Facebook admits flaw in data it shares with advertisers

The social network found a 'bug' in the way engagement was reported on its pages
Getty Images / JOSH EDELSON

Facebook has admitted it made an error in how it reported some stats about the number of users engaging with pages on its network.

Mark Zuckerberg's company confessed to the "bug" in a blog post on how it is changing its metrics and reporting for pages owned by businesses, media companies, sports clubs and other organisations.

"We know that having access to reliable metrics is important to the millions of partners who use our services to grow their businesses," the company wrote in the blog post. Later in the post it explained that Page Insights had not been reporting correctly.

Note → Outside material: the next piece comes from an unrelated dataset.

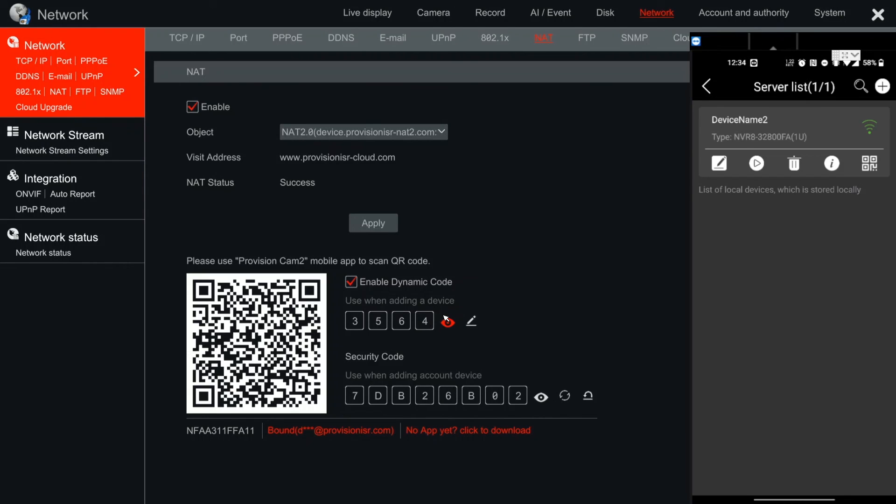So this is method number one for how to be able to view this device, this NVR, on different applications. And now we're going to see method number two.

"One summary number showing 7-day or 28-day organic page reach was miscalculated as a simple sum of daily reach instead of de-duplicating repeat visitors over those periods," the firm admitted. In short, this means one of the metrics was showing higher than it would have been.

The error in the system had been live on the administration panel for pages since May but the "vast majority" of the reach data displayed was unaffected, according to Facebook.

The social network said it would fix the bug "in the next few weeks" and also change how page reach is shown. "The de-duplicated 7-day summary in the overview dashboard will be 33 per cent lower on average and 28-day will be 55 per cent lower; data in other fields is unaffected," Facebook explained.

As part of a minor update to pages Facebook has also altered third party verification for pages and added a review process so its metrics "are clear and up to date" and introduced a new metrics blog.

However, in a tough time for Facebook where it's being criticised for its approach to dealing with fake news, this isn't the first time its metrics have proven wrong.

In September it was revealed that Facebook overestimated a key video metric.

The metric that it used to calculate the average time users spent watching videos had been artificially inflated because it was only counting in views of more than three seconds. Facebook said it would fix the problem.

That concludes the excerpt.